A restrictive policy rate is intended to moderate aggregate demand by raising the cost of credit. The support package, by contrast, lowers the effective cost of borrowing for selected sectors through interest subsidies and targeted refinancing. The Tk 20,000 crore corporate facility will be financed from banks' own resources, with the government subsidising part of the interest cost, while the agriculture and SME components will receive refinancing support. Though they operate differently, both seek to maintain credit to priority sectors despite a high policy rate.

Each measure addresses a legitimate concern. Together, however, they send mixed signals. The policy rate tightens financial conditions, the support package cushions selected borrowers, and the spread cap constrains credit pricing. The issue is not any individual instrument but the coherence of the overall policy mix. Monetary policy is most effective when its instruments reinforce rather than offset one another.

Ultimately, monetary policy depends not simply on the policy rate but on confidence that changes in it will influence savings, lending and inflation expectations. Bangladesh Bank would argue, with some justification, that the spread cap protects productive investment during a difficult period.
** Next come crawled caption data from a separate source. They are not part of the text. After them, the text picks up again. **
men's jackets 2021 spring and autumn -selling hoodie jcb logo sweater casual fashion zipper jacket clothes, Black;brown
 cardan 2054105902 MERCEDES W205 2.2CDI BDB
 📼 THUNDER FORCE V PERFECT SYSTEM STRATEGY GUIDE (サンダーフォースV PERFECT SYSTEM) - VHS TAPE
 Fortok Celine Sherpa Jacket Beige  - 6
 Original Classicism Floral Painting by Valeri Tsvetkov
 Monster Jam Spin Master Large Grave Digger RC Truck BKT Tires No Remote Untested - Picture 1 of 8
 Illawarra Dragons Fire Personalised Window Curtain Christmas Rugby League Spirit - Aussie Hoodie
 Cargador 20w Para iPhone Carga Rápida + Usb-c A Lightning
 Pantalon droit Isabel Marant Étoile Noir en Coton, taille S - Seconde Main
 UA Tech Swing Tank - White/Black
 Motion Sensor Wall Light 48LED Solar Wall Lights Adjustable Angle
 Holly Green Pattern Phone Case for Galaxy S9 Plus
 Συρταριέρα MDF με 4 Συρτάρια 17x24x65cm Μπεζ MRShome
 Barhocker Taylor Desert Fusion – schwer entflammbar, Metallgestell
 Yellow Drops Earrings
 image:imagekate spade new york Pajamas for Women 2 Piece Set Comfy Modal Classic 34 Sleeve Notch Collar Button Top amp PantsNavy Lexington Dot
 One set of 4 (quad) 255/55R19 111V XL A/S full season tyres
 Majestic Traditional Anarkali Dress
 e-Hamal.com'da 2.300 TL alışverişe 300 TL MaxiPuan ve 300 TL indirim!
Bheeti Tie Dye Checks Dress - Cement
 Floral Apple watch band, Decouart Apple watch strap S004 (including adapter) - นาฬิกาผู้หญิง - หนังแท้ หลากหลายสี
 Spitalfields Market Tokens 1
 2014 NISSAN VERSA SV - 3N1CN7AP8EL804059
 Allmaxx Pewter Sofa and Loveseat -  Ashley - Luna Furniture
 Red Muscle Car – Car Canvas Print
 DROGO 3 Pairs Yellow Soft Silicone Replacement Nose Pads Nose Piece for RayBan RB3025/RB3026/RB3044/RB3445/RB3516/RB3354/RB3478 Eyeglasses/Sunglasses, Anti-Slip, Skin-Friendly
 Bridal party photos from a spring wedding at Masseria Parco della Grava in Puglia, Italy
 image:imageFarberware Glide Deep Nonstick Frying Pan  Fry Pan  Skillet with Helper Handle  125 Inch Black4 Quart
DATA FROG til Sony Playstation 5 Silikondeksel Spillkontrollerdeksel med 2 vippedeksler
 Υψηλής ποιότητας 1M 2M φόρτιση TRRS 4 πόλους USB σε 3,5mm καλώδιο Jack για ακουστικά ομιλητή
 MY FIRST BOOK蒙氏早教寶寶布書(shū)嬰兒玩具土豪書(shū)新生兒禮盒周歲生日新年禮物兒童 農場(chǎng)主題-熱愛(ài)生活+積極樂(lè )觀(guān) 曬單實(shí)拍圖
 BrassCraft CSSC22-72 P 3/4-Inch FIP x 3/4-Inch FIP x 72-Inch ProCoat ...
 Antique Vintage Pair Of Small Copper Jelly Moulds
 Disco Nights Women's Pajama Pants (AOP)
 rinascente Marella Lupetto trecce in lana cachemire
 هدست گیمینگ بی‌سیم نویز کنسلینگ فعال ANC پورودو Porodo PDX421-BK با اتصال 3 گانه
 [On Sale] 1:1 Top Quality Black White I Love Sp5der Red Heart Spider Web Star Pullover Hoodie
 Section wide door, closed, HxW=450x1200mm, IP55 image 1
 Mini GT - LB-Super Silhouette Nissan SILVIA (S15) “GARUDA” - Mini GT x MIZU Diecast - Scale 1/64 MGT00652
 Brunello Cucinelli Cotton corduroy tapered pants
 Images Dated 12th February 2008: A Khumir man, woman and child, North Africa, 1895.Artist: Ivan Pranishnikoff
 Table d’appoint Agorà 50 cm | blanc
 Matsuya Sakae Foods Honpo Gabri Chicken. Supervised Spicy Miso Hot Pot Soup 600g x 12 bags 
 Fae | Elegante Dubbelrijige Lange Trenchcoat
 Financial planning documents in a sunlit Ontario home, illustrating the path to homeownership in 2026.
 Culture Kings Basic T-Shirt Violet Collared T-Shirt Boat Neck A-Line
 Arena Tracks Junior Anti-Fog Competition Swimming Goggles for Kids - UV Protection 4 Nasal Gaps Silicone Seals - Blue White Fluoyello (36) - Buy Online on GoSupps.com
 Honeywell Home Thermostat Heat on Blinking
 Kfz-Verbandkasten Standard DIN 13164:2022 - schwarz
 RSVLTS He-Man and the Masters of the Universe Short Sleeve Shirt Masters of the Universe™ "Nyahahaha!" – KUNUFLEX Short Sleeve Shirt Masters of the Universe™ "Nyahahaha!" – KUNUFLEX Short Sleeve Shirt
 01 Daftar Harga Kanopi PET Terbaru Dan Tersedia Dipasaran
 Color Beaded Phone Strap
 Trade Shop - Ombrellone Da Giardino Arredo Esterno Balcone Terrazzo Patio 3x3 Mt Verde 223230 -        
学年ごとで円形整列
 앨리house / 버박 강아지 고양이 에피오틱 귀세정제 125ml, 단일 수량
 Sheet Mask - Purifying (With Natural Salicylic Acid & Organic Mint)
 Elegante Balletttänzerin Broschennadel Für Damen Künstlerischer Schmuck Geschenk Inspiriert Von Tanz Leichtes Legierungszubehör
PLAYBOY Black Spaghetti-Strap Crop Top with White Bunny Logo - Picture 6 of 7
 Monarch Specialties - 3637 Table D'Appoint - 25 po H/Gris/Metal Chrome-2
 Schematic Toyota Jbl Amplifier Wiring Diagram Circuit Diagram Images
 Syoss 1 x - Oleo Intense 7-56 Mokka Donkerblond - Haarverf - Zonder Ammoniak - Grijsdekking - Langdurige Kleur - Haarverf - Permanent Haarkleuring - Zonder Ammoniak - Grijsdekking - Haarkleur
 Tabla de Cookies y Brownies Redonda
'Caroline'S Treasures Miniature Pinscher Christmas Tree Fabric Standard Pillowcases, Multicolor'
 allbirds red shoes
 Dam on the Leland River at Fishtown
That concern is understandable, but there is an unavoidable trade-off. Administrative measures that limit the adjustment of interest rates may provide short-term relief for borrowers, but they also weaken risk-based pricing and reduce the transmission of monetary policy.

The latest MPS should therefore be judged not only by its decision to leave the policy rate at 10 percent, but also by whether the broader policy framework is internally coherent. A restrictive policy rate, a financial support package and a binding spread cap do not naturally reinforce one another; they pull monetary policy in different directions.

Bangladesh's monetary debate has become polarised between those who believe higher interest rates have failed and those who insist tighter policy alone will tame inflation. The debate should therefore move beyond whether policy is too tight or too loose. The more fundamental question is whether the surrounding policy framework allows the chosen stance to influence savings, lending and inflation expectations. Restoring that coherence may matter more than any single adjustment to the policy rate.